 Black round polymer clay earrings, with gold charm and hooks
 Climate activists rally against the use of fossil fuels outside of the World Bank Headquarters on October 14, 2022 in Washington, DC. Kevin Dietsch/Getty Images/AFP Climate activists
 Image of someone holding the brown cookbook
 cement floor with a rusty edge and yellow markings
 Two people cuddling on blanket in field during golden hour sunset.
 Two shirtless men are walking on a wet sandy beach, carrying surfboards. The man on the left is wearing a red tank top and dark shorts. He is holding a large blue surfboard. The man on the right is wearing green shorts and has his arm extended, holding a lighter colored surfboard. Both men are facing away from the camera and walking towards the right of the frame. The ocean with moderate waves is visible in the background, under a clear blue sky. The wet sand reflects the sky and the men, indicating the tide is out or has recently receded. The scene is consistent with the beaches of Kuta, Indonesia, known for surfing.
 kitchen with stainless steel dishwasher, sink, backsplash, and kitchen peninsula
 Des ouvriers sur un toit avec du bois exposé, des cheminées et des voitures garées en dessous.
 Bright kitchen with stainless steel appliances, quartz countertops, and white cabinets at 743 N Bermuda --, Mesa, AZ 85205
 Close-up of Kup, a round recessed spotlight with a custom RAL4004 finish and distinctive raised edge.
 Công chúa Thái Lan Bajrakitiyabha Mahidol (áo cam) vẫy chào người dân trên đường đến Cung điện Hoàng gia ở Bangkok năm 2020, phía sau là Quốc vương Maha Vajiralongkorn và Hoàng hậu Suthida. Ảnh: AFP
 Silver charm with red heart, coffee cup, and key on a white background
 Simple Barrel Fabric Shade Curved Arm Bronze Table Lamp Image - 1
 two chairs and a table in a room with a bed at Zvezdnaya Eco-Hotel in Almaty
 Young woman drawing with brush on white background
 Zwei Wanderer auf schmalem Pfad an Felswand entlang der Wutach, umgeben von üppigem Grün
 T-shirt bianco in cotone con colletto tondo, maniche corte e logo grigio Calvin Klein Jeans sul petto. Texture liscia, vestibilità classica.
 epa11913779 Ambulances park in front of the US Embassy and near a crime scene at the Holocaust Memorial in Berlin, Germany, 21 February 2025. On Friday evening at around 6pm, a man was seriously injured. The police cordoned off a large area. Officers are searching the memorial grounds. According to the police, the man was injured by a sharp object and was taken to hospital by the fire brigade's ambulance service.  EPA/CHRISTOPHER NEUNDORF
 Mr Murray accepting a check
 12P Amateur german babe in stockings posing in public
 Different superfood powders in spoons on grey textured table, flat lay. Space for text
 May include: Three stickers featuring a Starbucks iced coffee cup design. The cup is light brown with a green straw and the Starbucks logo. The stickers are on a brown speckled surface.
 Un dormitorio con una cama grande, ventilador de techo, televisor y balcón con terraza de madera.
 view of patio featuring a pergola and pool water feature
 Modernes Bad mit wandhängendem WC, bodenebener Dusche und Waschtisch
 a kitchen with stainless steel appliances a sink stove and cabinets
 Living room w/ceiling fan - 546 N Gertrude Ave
::::::::::
▶ _Instructions to follow_: Please, from the entries above, set down exactly the lines from the one containing "Des ouvriers sur" through the one containing "Young woman drawing", and only those.

▶ _Solution to the exercise_:
 Des ouvriers sur un toit avec du bois exposé, des cheminées et des voitures garées en dessous.
 Bright kitchen with stainless steel appliances, quartz countertops, and white cabinets at 743 N Bermuda --, Mesa, AZ 85205
 Close-up of Kup, a round recessed spotlight with a custom RAL4004 finish and distinctive raised edge.
 Công chúa Thái Lan Bajrakitiyabha Mahidol (áo cam) vẫy chào người dân trên đường đến Cung điện Hoàng gia ở Bangkok năm 2020, phía sau là Quốc vương Maha Vajiralongkorn và Hoàng hậu Suthida. Ảnh: AFP
 Silver charm with red heart, coffee cup, and key on a white background
 Simple Barrel Fabric Shade Curved Arm Bronze Table Lamp Image - 1
 two chairs and a table in a room with a bed at Zvezdnaya Eco-Hotel in Almaty
 Young woman drawing with brush on white background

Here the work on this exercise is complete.